There are all types of entrepreneurs starting businesses in Minnesota today. Regardless whether you started your business in a garage or behind a desk, you may eventually have to move into a larger space.
Location may be your top priority once you decide to lease commercial property. However, there are other factors to consider when it comes to finding what’s right for your business. For instance, if you want to lease space in a trendy historic district, be prepared for some potential obstacles and challenges you might not face if you were leasing in newer construction.
If you want to renovate a space, make additions, or install modern amenities, you may be shouldered with a considerable financial burden. Not only can you be responsible for the cost of these renovations, you could also be required to cover the additional expenses incurred by efforts to preserve historic features. For instance, you might decide to improve the heating only to find out you cannot add ductwork to the space, requiring costly workarounds.
Attracting foot traffic
If you open your business in a historic building or district, you could be very limited in how you attract foot traffic. You might be prohibited from displaying neon or large signs, for instance. This can be something to consider, especially if your business will rely heavily on foot traffic.

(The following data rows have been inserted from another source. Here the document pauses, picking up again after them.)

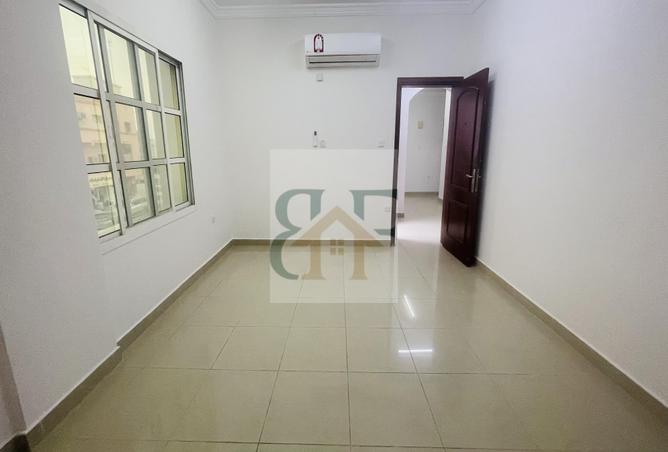 947409 - Property Main Image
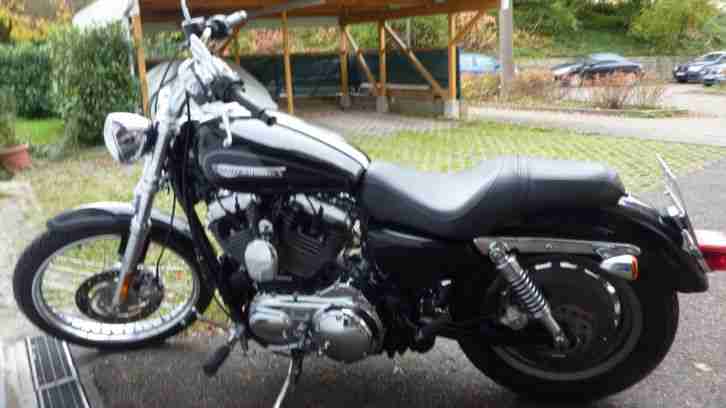 Harley Davidson Sportster XL 1200 Custom Topzustand mit viel Chrom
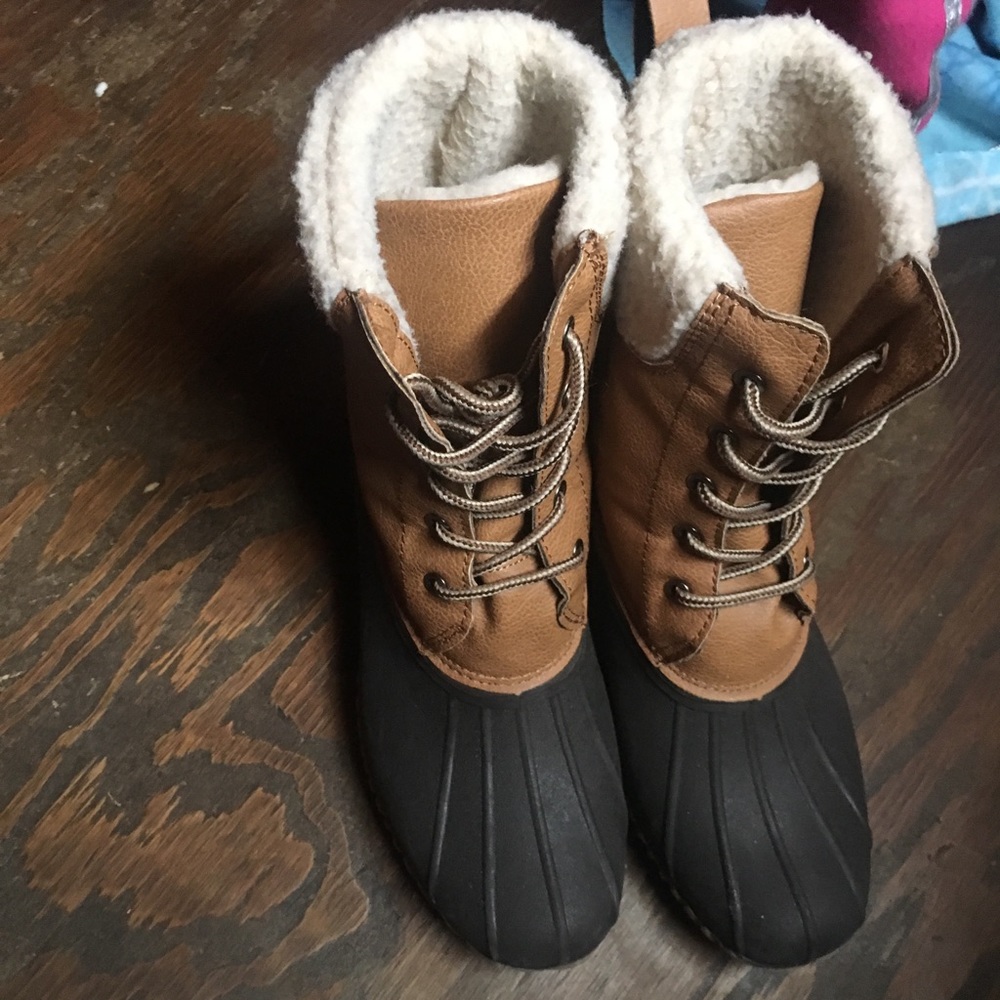 Duck boots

Limited parking may be another drawback.
Before historic properties are altered in any way in Minnesota, state laws dictate that both the State Historic Preservation Office and the state department review the proposed actions and determine if they can be completed. These requirements can lead to delays and disputes that business owners would rather avoid.
Talking to an attorney
These and numerous other details regarding leasing commercial space in an historic building or district should be detailed in a lease agreement, so it is crucial to be diligent about reading and understanding the leases for these properties. Business owners who jump in without the help of an experienced attorney can find themselves dealing with legal headaches and challenges they would have preferred to avoid.